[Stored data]

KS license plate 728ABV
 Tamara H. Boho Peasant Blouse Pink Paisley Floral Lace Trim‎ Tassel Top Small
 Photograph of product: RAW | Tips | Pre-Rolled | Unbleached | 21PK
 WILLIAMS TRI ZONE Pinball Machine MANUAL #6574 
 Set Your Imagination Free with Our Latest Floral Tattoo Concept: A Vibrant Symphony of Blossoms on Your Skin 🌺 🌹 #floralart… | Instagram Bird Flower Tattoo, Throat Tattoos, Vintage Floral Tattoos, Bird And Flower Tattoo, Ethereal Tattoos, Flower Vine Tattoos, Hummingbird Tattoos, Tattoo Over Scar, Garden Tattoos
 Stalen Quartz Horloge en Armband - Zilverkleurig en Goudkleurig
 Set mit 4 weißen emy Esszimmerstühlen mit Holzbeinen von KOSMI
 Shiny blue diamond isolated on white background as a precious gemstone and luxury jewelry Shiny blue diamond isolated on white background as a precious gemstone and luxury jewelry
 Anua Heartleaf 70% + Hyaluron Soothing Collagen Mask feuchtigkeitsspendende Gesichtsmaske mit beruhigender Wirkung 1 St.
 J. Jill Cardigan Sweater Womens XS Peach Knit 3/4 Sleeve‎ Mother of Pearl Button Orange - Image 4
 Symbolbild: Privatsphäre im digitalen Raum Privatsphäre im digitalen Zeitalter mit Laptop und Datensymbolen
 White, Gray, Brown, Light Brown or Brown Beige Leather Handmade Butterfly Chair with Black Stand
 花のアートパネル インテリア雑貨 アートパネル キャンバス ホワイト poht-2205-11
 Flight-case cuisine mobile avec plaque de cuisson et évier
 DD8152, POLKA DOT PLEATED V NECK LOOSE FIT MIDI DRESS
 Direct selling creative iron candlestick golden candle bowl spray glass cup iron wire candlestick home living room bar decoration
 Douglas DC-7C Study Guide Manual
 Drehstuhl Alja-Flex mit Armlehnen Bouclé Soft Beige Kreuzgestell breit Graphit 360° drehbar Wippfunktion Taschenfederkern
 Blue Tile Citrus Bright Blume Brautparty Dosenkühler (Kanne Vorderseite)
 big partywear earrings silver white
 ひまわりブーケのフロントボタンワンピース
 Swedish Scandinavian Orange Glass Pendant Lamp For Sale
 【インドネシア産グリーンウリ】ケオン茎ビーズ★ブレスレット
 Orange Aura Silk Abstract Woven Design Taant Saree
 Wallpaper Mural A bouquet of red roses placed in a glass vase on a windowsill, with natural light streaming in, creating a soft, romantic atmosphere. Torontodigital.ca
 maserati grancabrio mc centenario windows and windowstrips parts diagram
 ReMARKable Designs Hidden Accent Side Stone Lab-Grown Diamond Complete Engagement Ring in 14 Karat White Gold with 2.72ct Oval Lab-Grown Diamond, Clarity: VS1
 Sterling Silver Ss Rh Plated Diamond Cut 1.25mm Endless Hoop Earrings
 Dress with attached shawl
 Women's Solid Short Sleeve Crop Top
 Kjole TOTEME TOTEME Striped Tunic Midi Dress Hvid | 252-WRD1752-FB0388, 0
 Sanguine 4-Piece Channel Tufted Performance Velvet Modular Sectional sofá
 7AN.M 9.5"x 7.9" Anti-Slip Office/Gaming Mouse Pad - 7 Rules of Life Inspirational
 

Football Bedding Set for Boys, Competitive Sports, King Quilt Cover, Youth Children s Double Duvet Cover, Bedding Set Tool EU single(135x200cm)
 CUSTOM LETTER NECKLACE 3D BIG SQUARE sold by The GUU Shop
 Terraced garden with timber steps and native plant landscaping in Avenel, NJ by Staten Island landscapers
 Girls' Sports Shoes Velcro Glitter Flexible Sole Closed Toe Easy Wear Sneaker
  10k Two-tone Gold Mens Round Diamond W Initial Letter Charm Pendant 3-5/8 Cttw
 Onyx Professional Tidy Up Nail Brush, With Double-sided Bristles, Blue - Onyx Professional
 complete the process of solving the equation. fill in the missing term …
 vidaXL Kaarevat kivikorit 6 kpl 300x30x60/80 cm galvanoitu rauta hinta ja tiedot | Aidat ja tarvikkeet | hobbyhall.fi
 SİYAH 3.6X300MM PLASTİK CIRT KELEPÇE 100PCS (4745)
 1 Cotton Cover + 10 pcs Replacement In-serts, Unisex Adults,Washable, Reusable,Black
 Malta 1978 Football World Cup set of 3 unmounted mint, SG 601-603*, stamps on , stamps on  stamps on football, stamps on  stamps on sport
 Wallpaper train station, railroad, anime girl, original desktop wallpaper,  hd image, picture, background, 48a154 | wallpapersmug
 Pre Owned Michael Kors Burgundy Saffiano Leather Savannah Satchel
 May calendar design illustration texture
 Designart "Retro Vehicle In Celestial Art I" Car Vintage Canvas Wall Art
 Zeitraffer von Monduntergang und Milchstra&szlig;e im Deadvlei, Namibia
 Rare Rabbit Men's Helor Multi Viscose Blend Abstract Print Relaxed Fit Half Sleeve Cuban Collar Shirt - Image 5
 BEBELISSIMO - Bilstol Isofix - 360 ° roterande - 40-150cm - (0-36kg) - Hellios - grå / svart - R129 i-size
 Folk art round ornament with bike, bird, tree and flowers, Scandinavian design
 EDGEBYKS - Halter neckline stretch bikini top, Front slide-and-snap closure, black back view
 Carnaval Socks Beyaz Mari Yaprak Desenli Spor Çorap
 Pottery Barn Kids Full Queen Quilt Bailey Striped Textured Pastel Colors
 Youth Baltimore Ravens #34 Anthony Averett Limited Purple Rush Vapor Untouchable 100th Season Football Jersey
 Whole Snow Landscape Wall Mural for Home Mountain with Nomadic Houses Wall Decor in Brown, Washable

REQUIREMENT. Write out, from the lines above, only those from the line with "Drehstuhl Alja-Flex mit" to the line with "Dress with attached shawl", exactly as given, including the first and the last.

ANSWER AREA.
 Drehstuhl Alja-Flex mit Armlehnen Bouclé Soft Beige Kreuzgestell breit Graphit 360° drehbar Wippfunktion Taschenfederkern
 Blue Tile Citrus Bright Blume Brautparty Dosenkühler (Kanne Vorderseite)
 big partywear earrings silver white
 ひまわりブーケのフロントボタンワンピース
 Swedish Scandinavian Orange Glass Pendant Lamp For Sale
 【インドネシア産グリーンウリ】ケオン茎ビーズ★ブレスレット
 Orange Aura Silk Abstract Woven Design Taant Saree
 Wallpaper Mural A bouquet of red roses placed in a glass vase on a windowsill, with natural light streaming in, creating a soft, romantic atmosphere. Torontodigital.ca
 maserati grancabrio mc centenario windows and windowstrips parts diagram
 ReMARKable Designs Hidden Accent Side Stone Lab-Grown Diamond Complete Engagement Ring in 14 Karat White Gold with 2.72ct Oval Lab-Grown Diamond, Clarity: VS1
 Sterling Silver Ss Rh Plated Diamond Cut 1.25mm Endless Hoop Earrings
 Dress with attached shawl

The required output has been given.